** Directions **
Beginning with the first line below, output every record verbatim and leave out the images.

** Information **
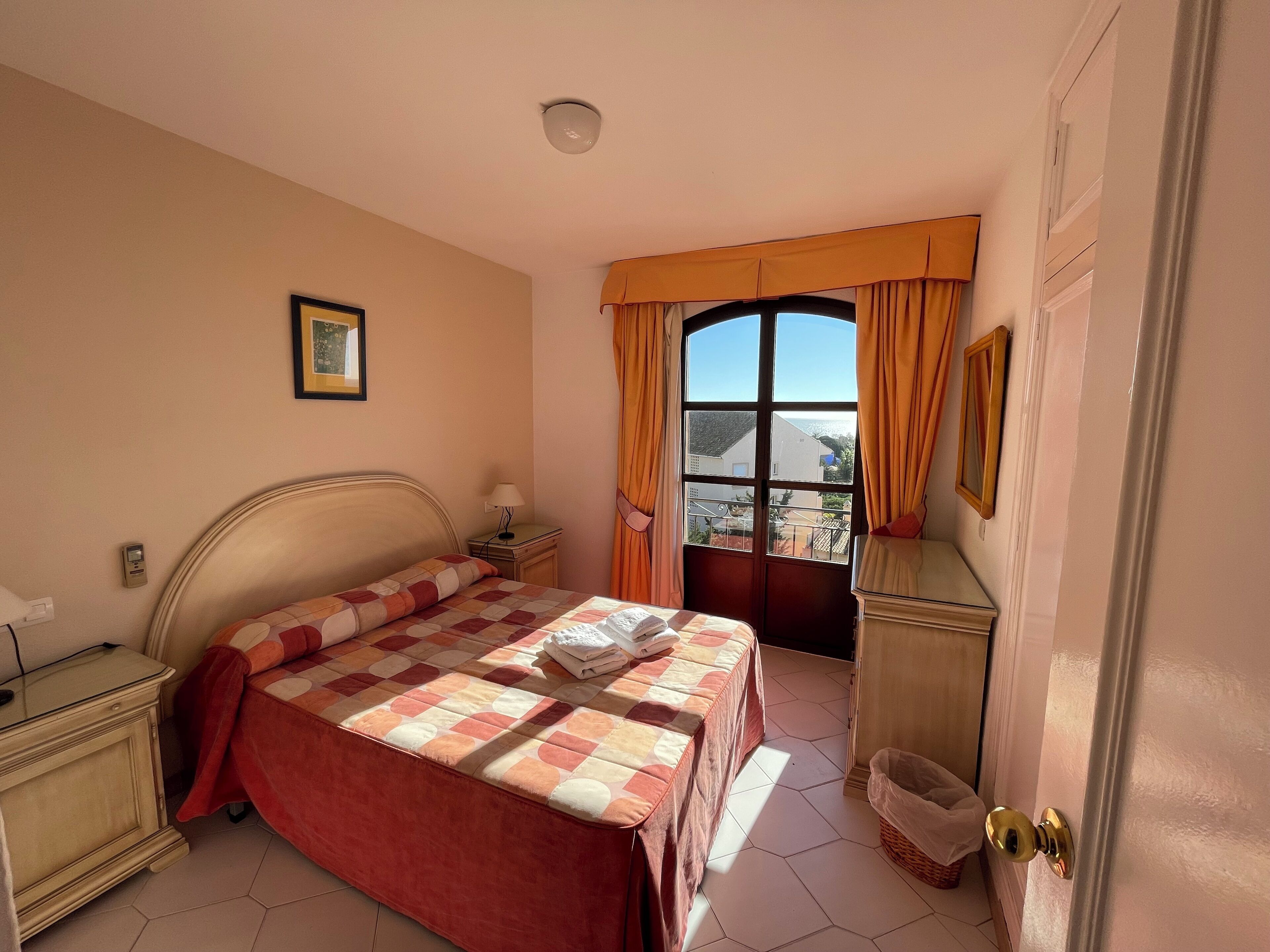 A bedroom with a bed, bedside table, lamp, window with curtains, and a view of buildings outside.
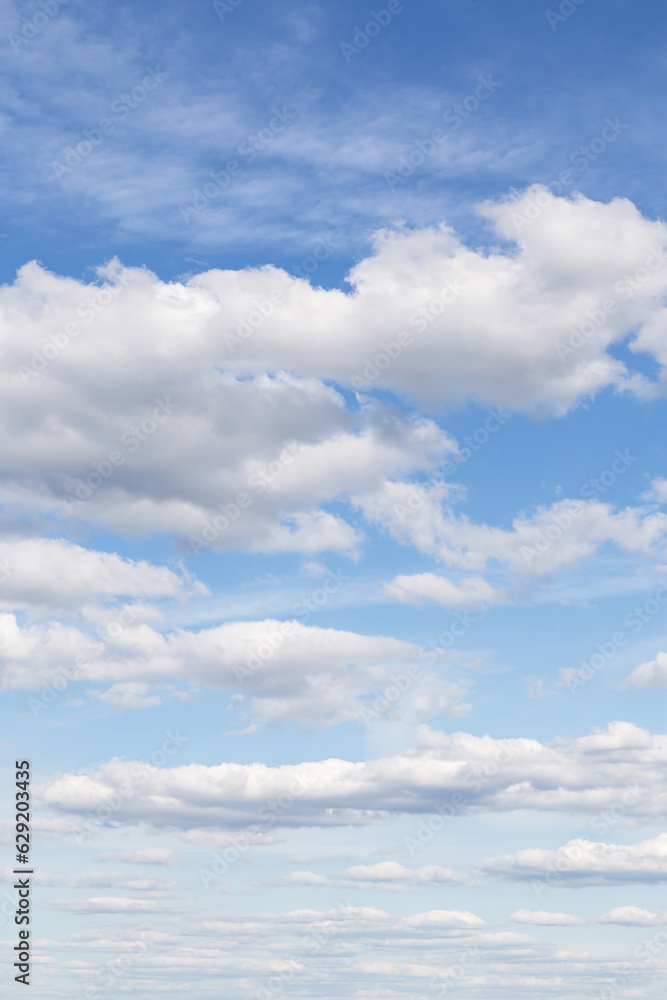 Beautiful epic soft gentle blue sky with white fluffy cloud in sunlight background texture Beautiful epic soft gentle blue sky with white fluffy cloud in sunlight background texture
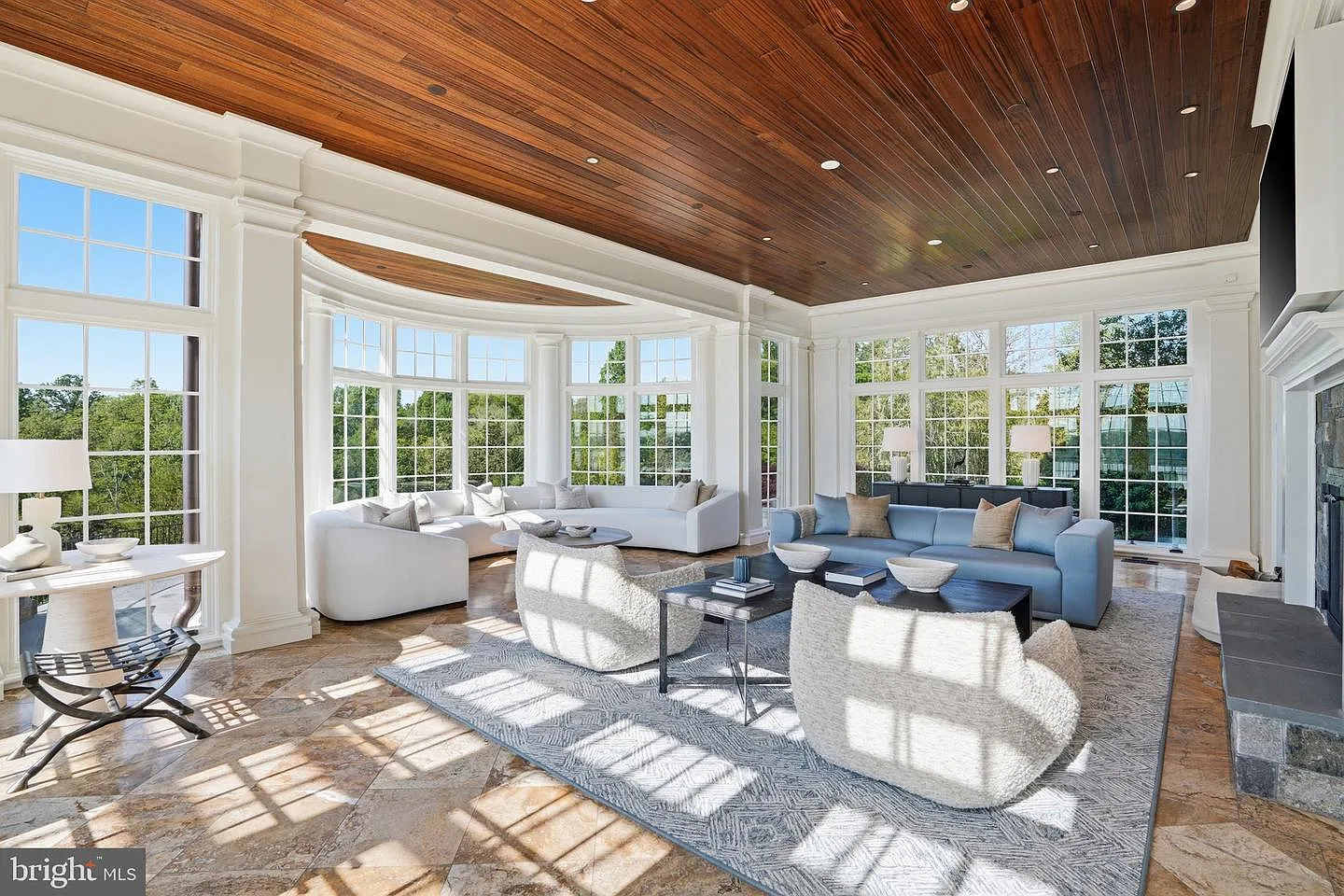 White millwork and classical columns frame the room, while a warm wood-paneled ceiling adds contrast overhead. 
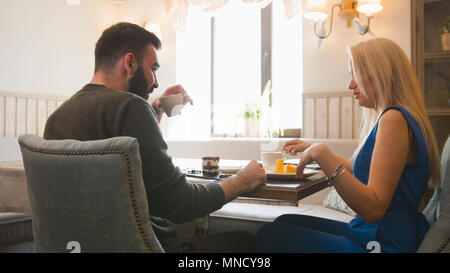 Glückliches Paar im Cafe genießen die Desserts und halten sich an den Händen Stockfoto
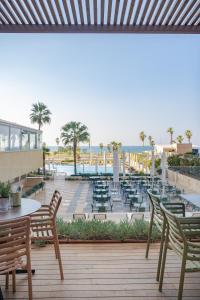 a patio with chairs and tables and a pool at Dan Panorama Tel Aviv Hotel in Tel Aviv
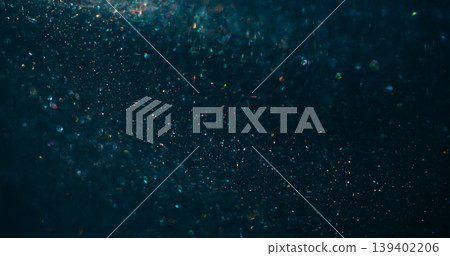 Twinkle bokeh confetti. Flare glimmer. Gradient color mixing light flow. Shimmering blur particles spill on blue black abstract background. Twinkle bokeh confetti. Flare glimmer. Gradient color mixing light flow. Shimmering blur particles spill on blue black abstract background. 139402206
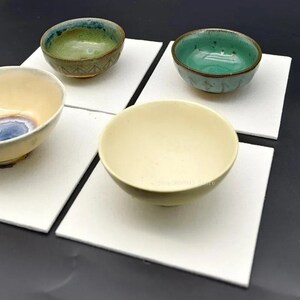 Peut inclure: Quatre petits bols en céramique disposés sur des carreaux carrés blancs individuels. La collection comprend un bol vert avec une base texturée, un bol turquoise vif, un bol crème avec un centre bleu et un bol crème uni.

** Task solution **
 A bedroom with a bed, bedside table, lamp, window with curtains, and a view of buildings outside.
 Beautiful epic soft gentle blue sky with white fluffy cloud in sunlight background texture Beautiful epic soft gentle blue sky with white fluffy cloud in sunlight background texture
 White millwork and classical columns frame the room, while a warm wood-paneled ceiling adds contrast overhead. 
 Glückliches Paar im Cafe genießen die Desserts und halten sich an den Händen Stockfoto
 a patio with chairs and tables and a pool at Dan Panorama Tel Aviv Hotel in Tel Aviv
 Twinkle bokeh confetti. Flare glimmer. Gradient color mixing light flow. Shimmering blur particles spill on blue black abstract background. Twinkle bokeh confetti. Flare glimmer. Gradient color mixing light flow. Shimmering blur particles spill on blue black abstract background. 139402206
 Peut inclure: Quatre petits bols en céramique disposés sur des carreaux carrés blancs individuels. La collection comprend un bol vert avec une base texturée, un bol turquoise vif, un bol crème avec un centre bleu et un bol crème uni.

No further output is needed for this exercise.